With its luminous color palette, striking asymmetrical composition, and graceful subject, The Lute Player is among Orazio Gentileschi’s greatest paintings. As a Baroque artist who came of age in early 17th-century Rome, Gentileschi was part of a revolution in painting that turned away from the academic, Mannerist school of the 16th century. Gentileschi embraced instead a new naturalistic, introspective style that took root in the 1590s and emphasized painting from live models. 

While some scholars have tried to identify this lute player as Saint Cecilia, or a veiled portrait of Orazio Gentileschi’s daughter, Artemisia, these suggestions have been dismissed. The painting may instead depict a genre scene taken from everyday life, or represent an allegory of Music or Harmony. Regardless, this mysterious picture seems to delight in sensual pleasures rather than spiritual concerns. The seductive charms of music are echoed in the way the woman holds the body of the lute––an instrument traditionally associated with lust––gently in her hands and close to her thoughtfully inclined head. 

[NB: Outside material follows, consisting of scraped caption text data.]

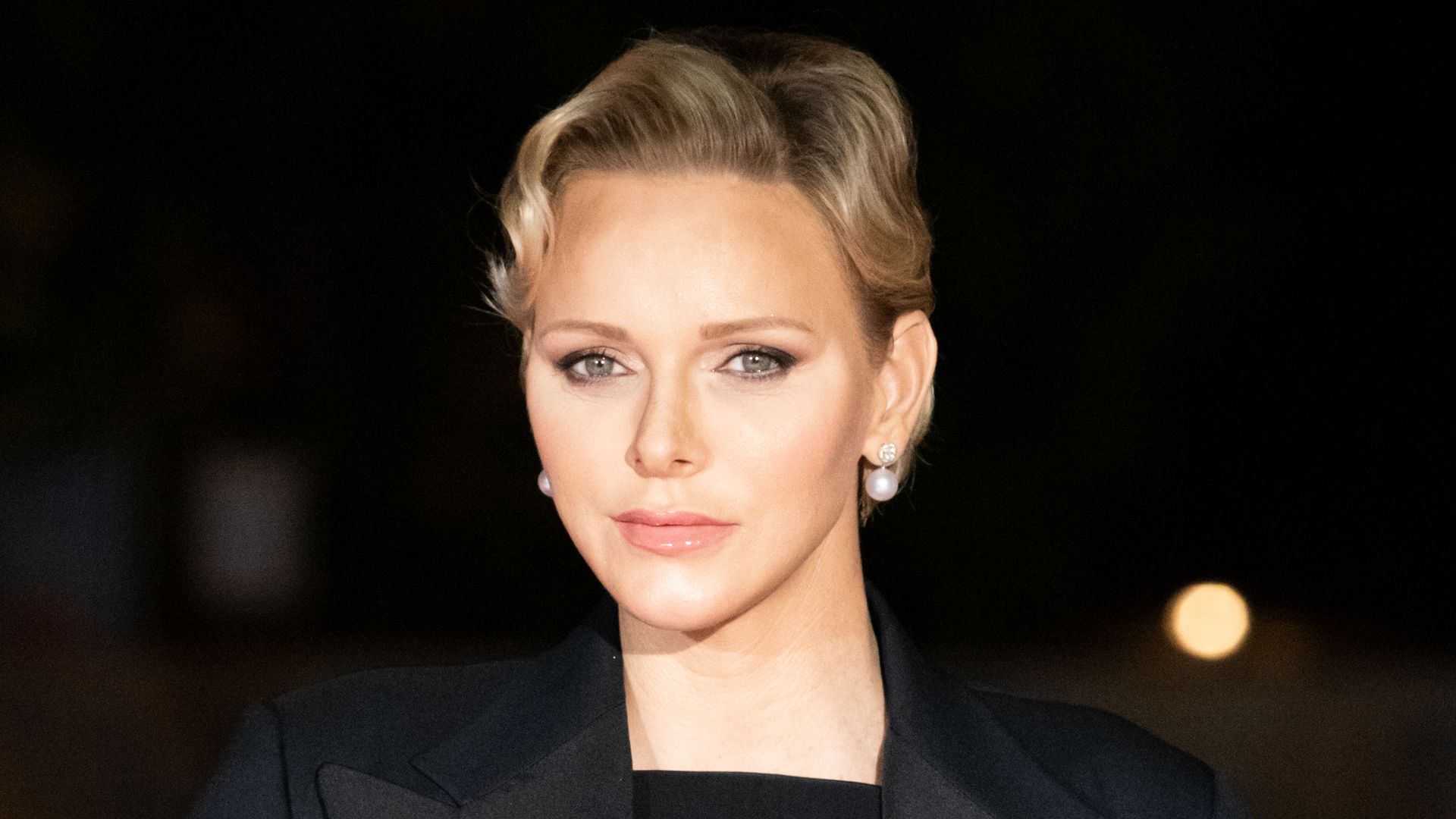 Princess Charlene of Monaco wears a black suit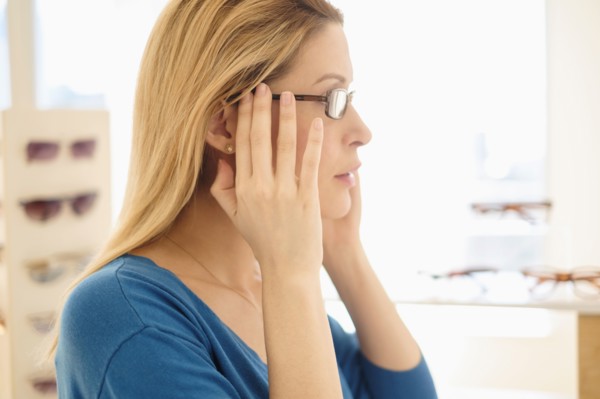 Woman trying on eyeglasses in store.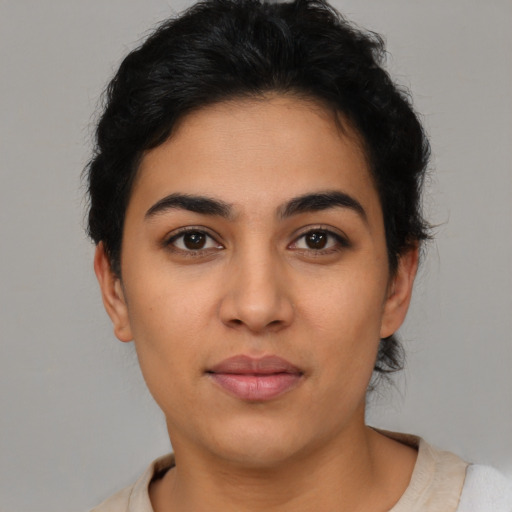 Neutral latino young-adult female with short  brown hair and brown eyes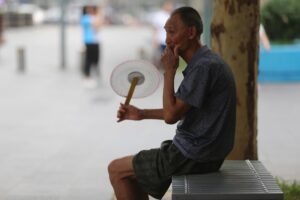 Un hombre se abanica para aliviar el calor en un barrio residencial en Pekín. EFE/ Wu Hong/Archivo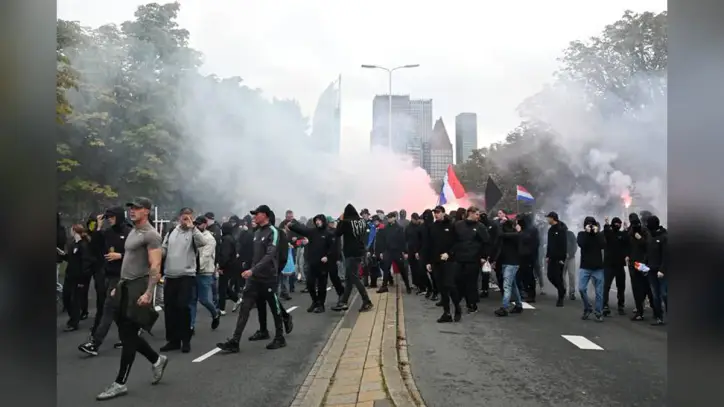 Dutch riot police break up far-right protest in The Hague after violence erupts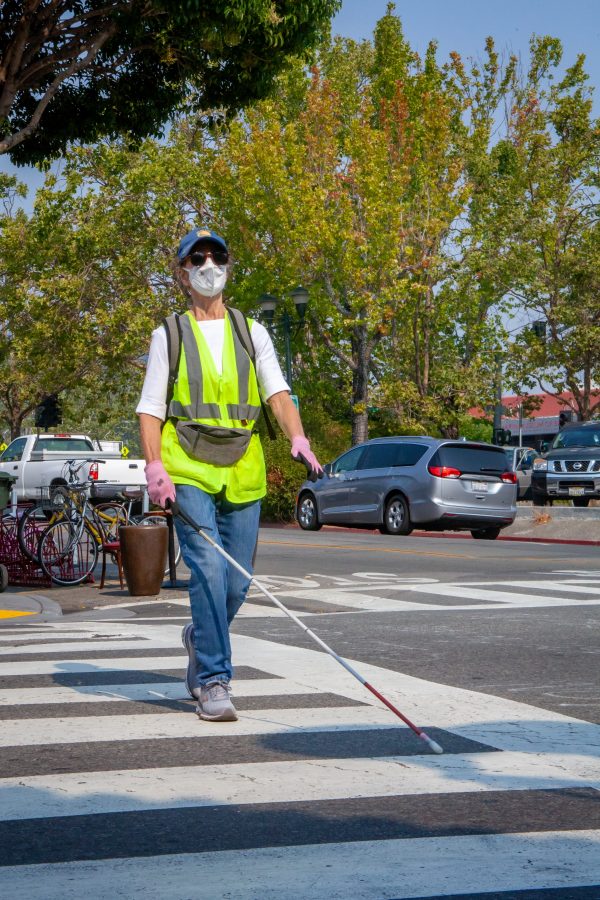 Marta Van Leuven walking with her white cane in a crosswalk.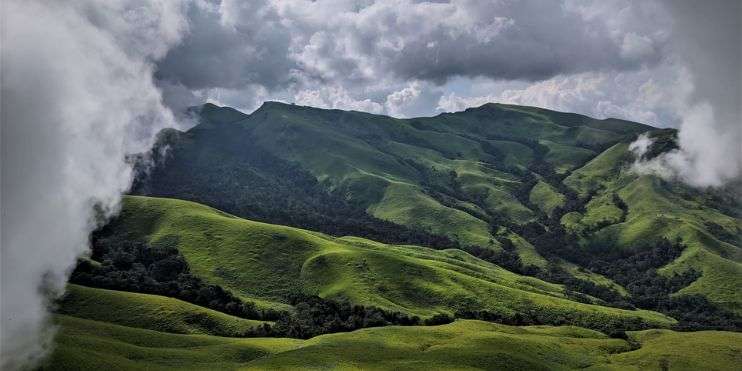 Rolling green hills beneath a cloudy sky, offering a tranquil and captivating sight.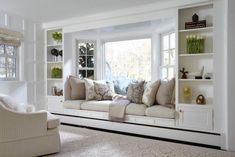 a living room filled with lots of white furniture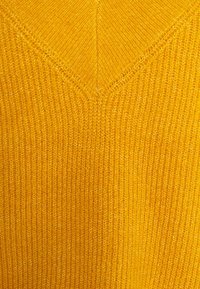Pull en maille jaune présentant un design à col en V, avec une texture côtelée fine et une couleur unie sur toute la surface. Aucun motif ni accent visible.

The Lute Player was probably painted sometime between 1612 and 1620, when Gentileschi was based in Rome––a hotbed of musical experimentation and performance providing inspiration for the city’s numerous artists. It was there that Gentileschi first encountered the work of the young Caravaggio. While it owes a debt to the innovative musical genre pictures Caravaggio painted during the 1590s, Gentileschi’s Lute Player was itself a touchstone for a successive generation of artists painting poetic genre scenes on the theme of music. Gentileschi’s style is a masterful fusion of the drama and naturalism of Caravaggio, but with a more serene temper.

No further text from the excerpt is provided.